Reputation: 3031
I'm very curious how assembly languages work- I remain general because I'm not talking only about intel x86 assembly (although it's the only one I'm remotely familiar with). To be a bit more clear...
mov %eax,%ebx
How does the computer know what an instruction like "mov" does? How does it know that eax and ebx are registers? Do people write grammars for assembly languages? How do they write this? I imagine nothing is stopping someone from writing an assembly language that substitutes the mov
instruction with something like dog
or horse
etc., (obviously this isn't semantic at all)
Sorry if this isn't too clear, but it's something I find a bit puzzling- I know it can't be magic, but I can't see how it works. I've looked up some stuff on wikipedia, but all it seems to say is it translates it down to machine code, well, what I'm asking is how that translation occurs I suppose.
Thoughts?
EDIT: I realize that this stuff is defined in reference manuals and things, I guess what I wish to know is how you tell your processor "Okay, when you see mov
you're gonna do this". I also know that it's a sequence of probably a ton of logic gates..but there has to be some way for the processor to recognize is that mov
is the symbol that means "use these logic gates"
Upvotes: 14
Views: 22036
Reputation: 31
I look everywhere for the answer and finally found it
http://1.bucarotechelp.com/computers/architecture/86011102.asp
So the Decoder in the example below, can output 8 different instructions depends on the binary of the A B C for example
ONLY 1 path will take the ON Value and the rest 0 So that on Value will go to alu to turn on the path for adding 2 values for example....
So in general that Decoder will not accept and code other than the codes it is set to accept. Or it maybe manufactured to accept 32 functions but the ALU doesn't accept all so both have to work together to accept all while manufacturing.

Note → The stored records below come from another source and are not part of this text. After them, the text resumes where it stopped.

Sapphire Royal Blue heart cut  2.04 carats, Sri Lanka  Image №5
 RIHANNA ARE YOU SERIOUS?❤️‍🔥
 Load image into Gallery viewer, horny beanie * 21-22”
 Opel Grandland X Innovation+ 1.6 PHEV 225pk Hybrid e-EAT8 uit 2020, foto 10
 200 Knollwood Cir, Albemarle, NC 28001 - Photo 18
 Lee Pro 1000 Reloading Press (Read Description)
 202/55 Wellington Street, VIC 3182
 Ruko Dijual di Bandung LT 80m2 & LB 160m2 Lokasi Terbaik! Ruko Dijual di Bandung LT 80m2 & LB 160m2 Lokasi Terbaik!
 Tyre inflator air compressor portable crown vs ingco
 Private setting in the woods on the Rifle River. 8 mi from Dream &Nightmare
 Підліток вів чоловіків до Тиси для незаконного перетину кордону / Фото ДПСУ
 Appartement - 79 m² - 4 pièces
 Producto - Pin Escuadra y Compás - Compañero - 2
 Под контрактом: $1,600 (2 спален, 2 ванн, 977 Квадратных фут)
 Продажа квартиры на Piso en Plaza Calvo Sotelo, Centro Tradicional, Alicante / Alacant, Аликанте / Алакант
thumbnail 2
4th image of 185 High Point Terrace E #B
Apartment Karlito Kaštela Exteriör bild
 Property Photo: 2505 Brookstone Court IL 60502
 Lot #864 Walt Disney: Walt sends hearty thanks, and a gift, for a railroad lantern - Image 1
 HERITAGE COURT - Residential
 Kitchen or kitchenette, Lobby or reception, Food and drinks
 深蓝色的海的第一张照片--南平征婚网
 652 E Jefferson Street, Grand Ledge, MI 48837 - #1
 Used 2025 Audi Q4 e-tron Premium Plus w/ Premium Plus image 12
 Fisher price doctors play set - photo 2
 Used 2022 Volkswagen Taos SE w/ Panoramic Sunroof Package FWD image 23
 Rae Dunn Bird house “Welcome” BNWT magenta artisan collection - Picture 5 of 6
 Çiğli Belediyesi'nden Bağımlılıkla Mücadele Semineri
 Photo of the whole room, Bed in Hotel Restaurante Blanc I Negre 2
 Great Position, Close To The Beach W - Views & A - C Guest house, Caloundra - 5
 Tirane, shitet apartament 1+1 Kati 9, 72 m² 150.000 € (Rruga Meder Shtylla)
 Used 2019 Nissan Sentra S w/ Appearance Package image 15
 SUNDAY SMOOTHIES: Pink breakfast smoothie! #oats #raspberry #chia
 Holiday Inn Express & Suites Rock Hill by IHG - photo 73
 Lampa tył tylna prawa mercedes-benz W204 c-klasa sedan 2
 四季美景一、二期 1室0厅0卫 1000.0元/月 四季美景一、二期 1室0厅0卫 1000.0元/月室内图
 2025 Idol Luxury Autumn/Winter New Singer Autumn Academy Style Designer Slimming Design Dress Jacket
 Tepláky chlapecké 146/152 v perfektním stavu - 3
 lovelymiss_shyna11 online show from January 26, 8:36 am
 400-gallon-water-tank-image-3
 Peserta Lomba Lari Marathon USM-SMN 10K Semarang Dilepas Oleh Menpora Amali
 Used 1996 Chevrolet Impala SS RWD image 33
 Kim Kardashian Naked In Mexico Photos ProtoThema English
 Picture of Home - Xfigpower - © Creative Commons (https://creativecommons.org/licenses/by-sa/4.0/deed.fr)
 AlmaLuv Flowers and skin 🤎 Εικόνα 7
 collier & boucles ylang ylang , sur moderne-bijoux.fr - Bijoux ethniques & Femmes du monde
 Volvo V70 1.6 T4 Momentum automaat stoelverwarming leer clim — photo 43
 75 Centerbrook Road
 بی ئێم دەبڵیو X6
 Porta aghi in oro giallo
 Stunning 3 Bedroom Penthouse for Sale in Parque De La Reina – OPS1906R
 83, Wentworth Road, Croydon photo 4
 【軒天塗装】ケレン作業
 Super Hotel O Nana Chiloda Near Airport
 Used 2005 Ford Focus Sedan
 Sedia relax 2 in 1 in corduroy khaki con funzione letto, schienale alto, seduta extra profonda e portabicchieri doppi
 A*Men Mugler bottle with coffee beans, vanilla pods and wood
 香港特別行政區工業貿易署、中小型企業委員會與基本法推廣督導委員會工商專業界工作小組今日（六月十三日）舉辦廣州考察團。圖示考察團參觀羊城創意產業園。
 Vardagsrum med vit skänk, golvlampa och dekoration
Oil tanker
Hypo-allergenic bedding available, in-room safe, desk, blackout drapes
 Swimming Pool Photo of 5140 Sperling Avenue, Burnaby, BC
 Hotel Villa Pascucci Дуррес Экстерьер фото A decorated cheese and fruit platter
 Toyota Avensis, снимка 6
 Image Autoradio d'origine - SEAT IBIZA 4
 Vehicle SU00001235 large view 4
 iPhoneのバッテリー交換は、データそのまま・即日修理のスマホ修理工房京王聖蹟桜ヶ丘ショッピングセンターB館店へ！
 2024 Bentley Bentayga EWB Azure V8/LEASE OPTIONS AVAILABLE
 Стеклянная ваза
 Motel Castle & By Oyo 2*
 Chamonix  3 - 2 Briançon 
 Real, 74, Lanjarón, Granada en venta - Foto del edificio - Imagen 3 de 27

So basically MOV is in binary , the Decoder (which is circuits giving many different paths depends on opcode binary giving to it, which then uses logic gates to play with these binaries, eventually it will reach a binary for the actual mov command(4 electrical signals or depends on the ALU architecture which depends on the factory making it in general) which is turn on the ALU from the side ,. To deal with the 8 values. 4 left and 4 right entering it from top . To give the result after the alu .
Upvotes: 0
Reputation: 81
first thing every instruction like mov ,add etc have its own meaning in binary form like 10101010, 00110000, 10100 some of these also be, which cpu always understands.
but human cant remember all of them. so... for programming purpose that used in english language. which will ultimately come to its own place(binary).
second thing conversion from english(mov, add etc.) to binary occurs at, when assembling or compiling those codes. after that- binary instructions(instruction sets) stored or loaded into ram and ready for execution.
but it may be not your answer i know.
if you want know and imagine perfectly- how does cpu exucute instructions and work on them. You can learn it with graphics here. see this video on youtube: (link given here)
watch it once and i promise you. you will more clear about it. just have a look right.
Upvotes: 3
Reputation: 26171
What you see there are mnemonics, which make it easy for a programmer to write assembly; it is however not executable in mnemonic form. When you pass these assembly instructions through an assembler, they are translated into machine code they represent, which is what the CPU and its various co-processors interpret and execute (it's generally taken down into smaller units by the CPU, called micro-ops).
If you're curious as to how exactly it does that, well that's a long process, but this has all that information.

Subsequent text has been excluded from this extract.